# About this exercise:
Out of the material that follows, write out exactly the lines from the line with "Футболка поло мужская" to the line with "Batu cincin akik", both ends included, and no others.

# Data for this task:

==================================================

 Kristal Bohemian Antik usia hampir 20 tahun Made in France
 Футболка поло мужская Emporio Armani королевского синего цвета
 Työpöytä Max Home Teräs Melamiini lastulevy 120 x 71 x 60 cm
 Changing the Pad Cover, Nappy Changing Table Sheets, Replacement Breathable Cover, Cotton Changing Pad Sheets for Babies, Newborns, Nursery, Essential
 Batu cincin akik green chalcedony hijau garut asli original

==================================================

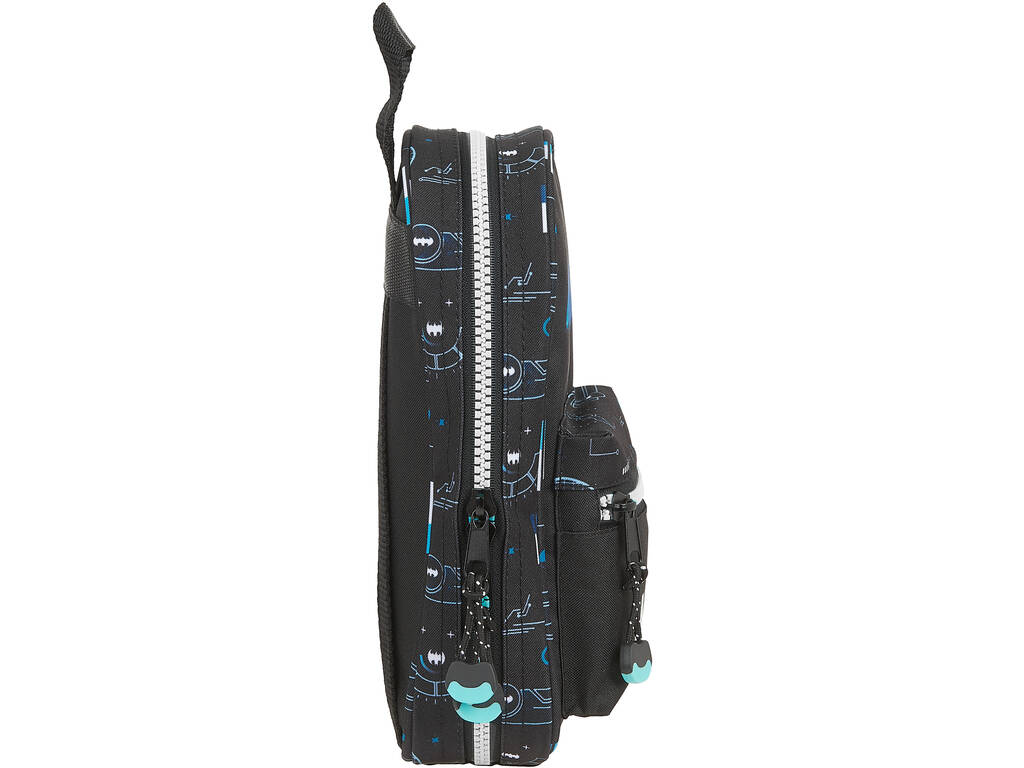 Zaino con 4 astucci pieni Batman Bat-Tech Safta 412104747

==================================================

# Your response:
 Футболка поло мужская Emporio Armani королевского синего цвета
 Työpöytä Max Home Teräs Melamiini lastulevy 120 x 71 x 60 cm
 Changing the Pad Cover, Nappy Changing Table Sheets, Replacement Breathable Cover, Cotton Changing Pad Sheets for Babies, Newborns, Nursery, Essential
 Batu cincin akik green chalcedony hijau garut asli original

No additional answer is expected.